Tuesday, November 21, 2006

I Know my Public IP Address. Can You Find Yours?

I finished a cool little script yesterday and I am quite proud of myself, even though there's one part I just completely took for granted, hacked at it and made it work. But it does.

At home I have what's called a dynamic IP address, as most residential customers do. This means that one's public IP address can change depending on the ISP's needs and the customer's usage. If you leave your modem off for a week, you are almost guaranteed to be issued a different IP address than the one you had before.
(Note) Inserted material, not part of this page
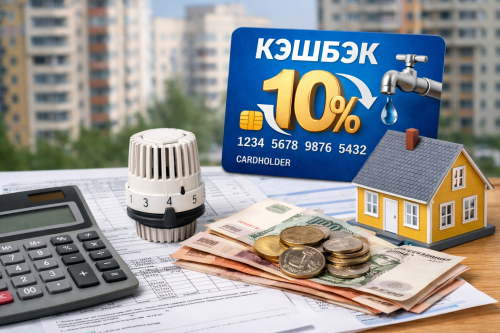 Дәүләт Думасы ЖКХ өчен вакытында түләүчеләргә 10% кадәр кешбэк тәкъдим итте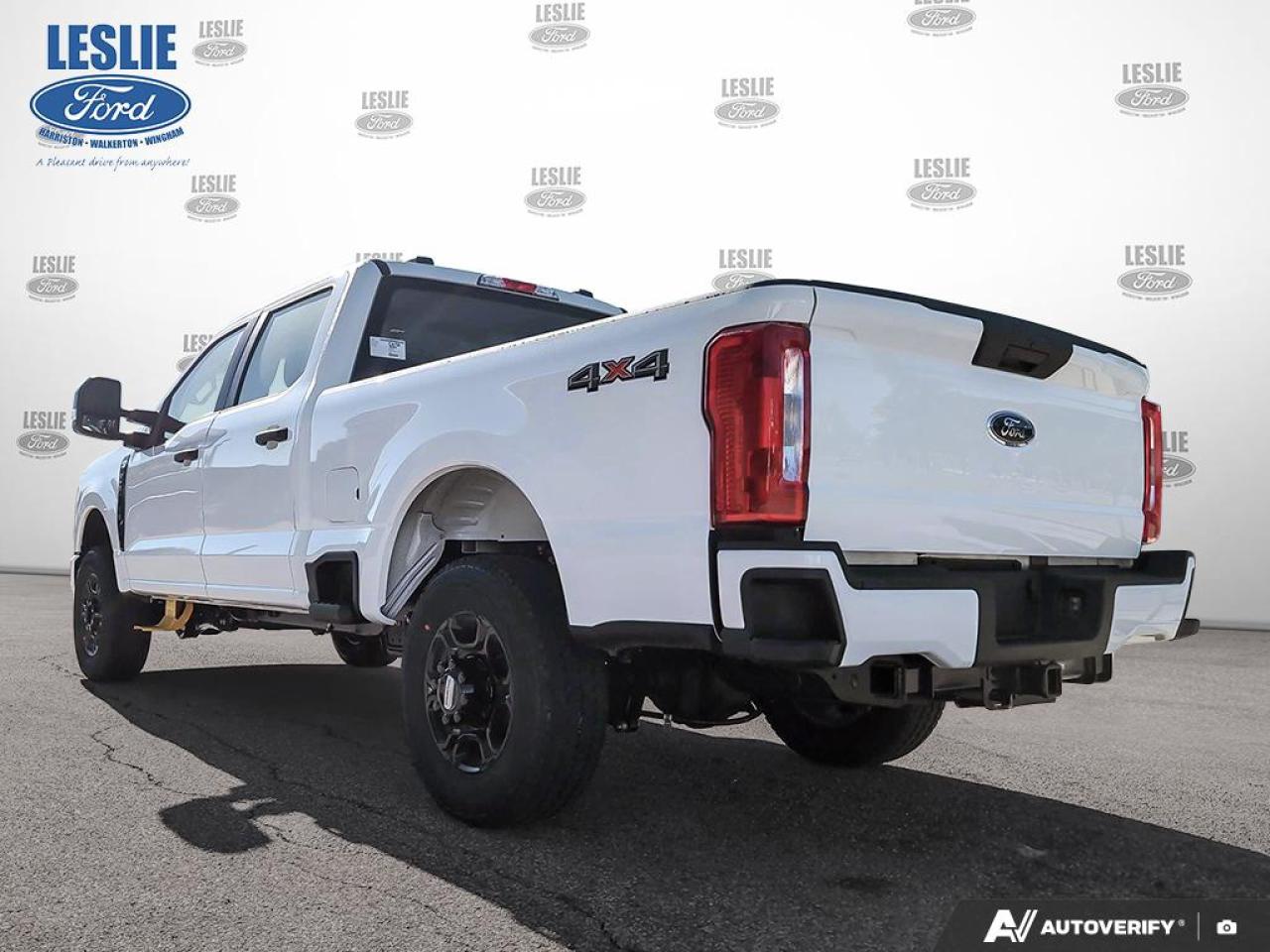 2026 Ford F-250 STX Crew Cab 4x4 Photo3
I often like to get back to my systems at home for whatever reason (eventually I'll be able to turn the lights on and off remotely - a few work now). To do this I need the IP address that my ISP has given me. Knowing that it could change, I needed some way to know what it had changed to. Therein begins the logic: I know that one can go to www.whatismyip.com and see their public IP address. I also know that I can write a program in Perl to surf the web and look for stuff. I put the two together and employed my 10-year-old Compaq to run the program every day.
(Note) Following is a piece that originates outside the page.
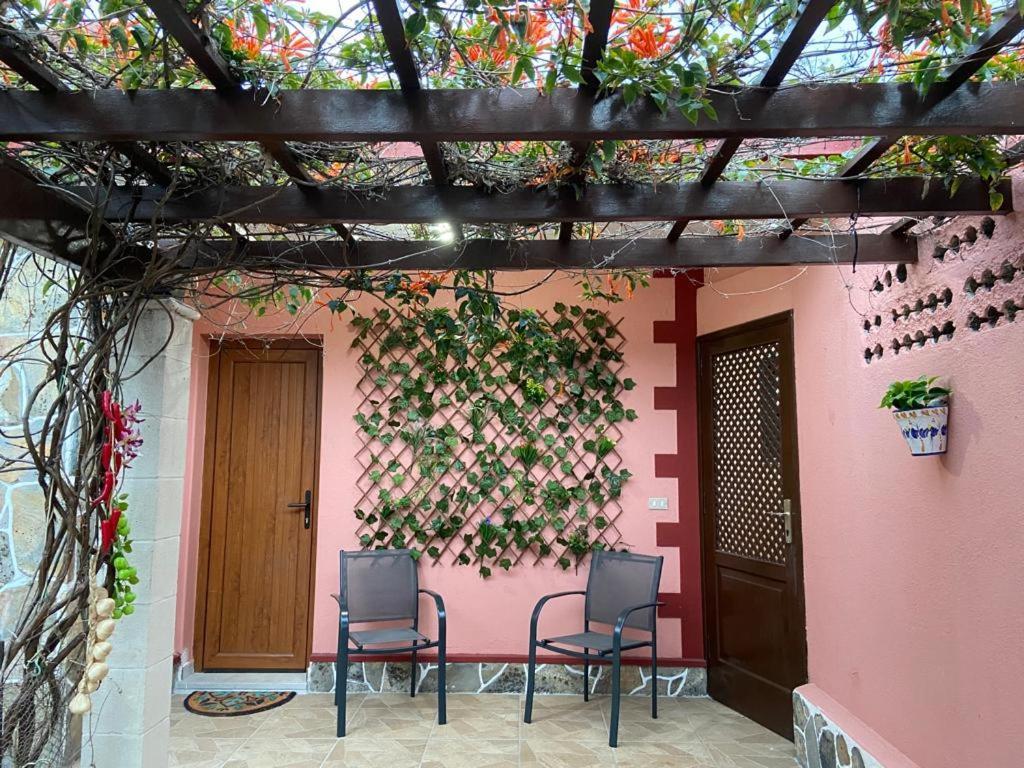 Hébergement de vacances Casa Pepa Y Argeo Mazo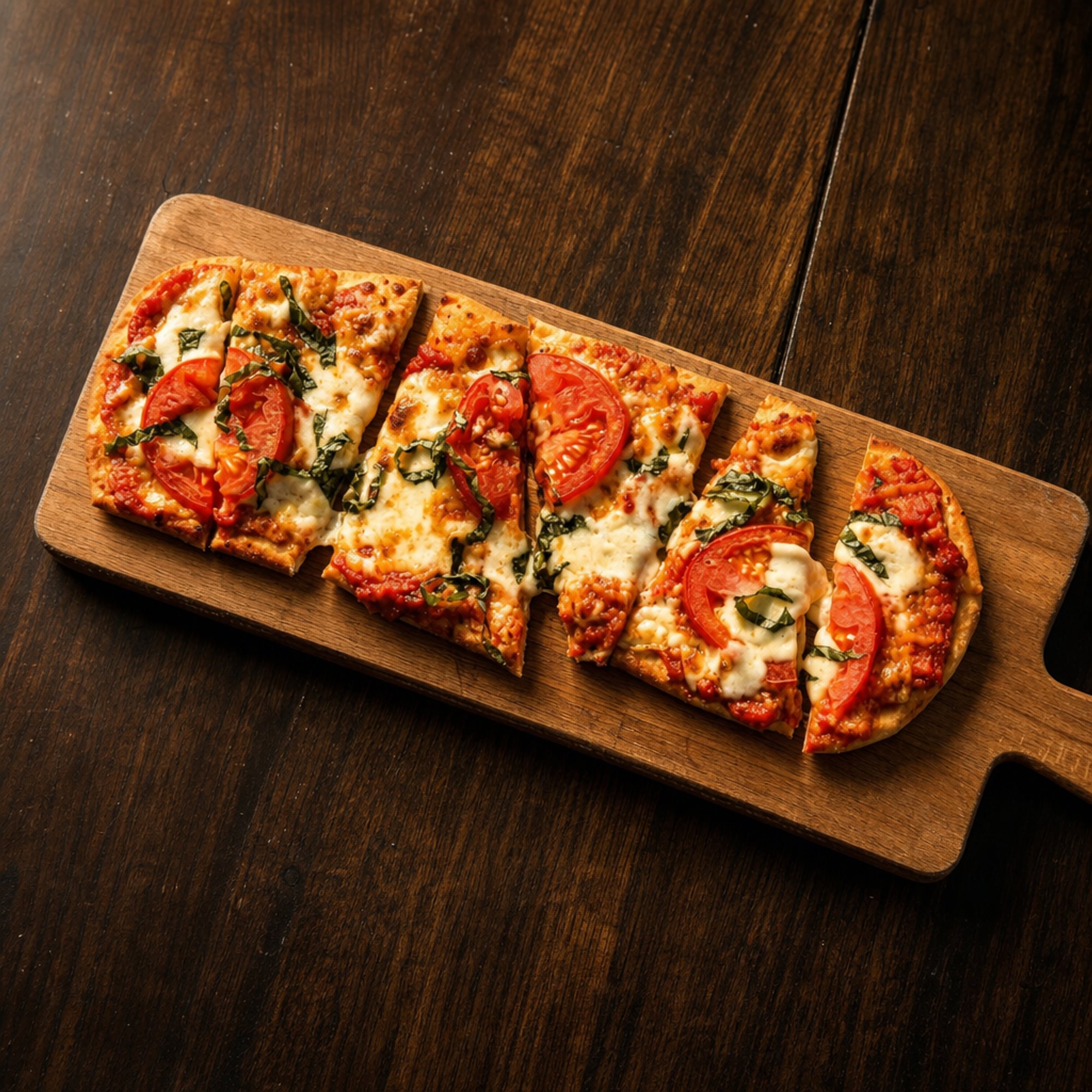 Margherita Flatbread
It actually sends it to my Gmail address, which is then filtered, tagged, and archived automatically. I don't have to delete the message every day - I can find the latest message in an instant, and access is mine.

The finished file looks like:

#!/usr/bin/perl

#Title: IP Sender
#Author: Ben Rehberg
#Version History:
#02/14/2006 Creation
#
#11/20/2006 Finally got that regular expression right
# to extract the IP from the web page. Done.
#
#########PROGRAM DESCRIPTION###########################
#
#I want this script to check whatismyip.com every
#morning and e-mail me with the address.



#variables and settings################################
($sec,$min,$hour,$mday,$mon,
$year,$wday,$yday,$isdst)=localtime(time);
$mon+=1;
$year+=1900;
my $date="$mon"."/"."$mday"."/"."$year";
my $url = 'http://www.whatismyip.com';
my @recipients = ('spaminator@benrehberg.com',
'daily_crap@techpickle.org');

#begin program code#####################################

use LWP::Simple;
my $content = get $url;
die "Couldn't get $url" unless defined $content;

$ip = "I can't find it.";

if ($content =~ m/(([0-2]?\d{1,2}\.){3}[0-2]?\d{1,2})/){
$ip = $1;
}
#print $ip;
#print $content;
#print $date;

require Mail::Send;
$msg = new Mail::Send Subject=>"Your IP Address for ".$date;
$msg->to(@recipients);
$fh = $msg->open;
print $fh "Your IP Address this morning is ".$ip;
$fh->close;
So there it is. Feel free to copy this and use it for yourself. I provide no warranty and assume you know what you're doing if you choose to take it. Be advised that you will have to install the Mail::Send and LWP::Simple modules in order for this to work. The LWP library was already installed on my system, but I had to get Mail::Send from CPAN. Just follow the link and the instructions.

Questions? Feel free to comment with them or e-mail me.

Update: I forgot to tell you that you must drop this file in /etc/cron.daily so the system will run it on a schedule. Also make sure you make the file executable (chmod 755).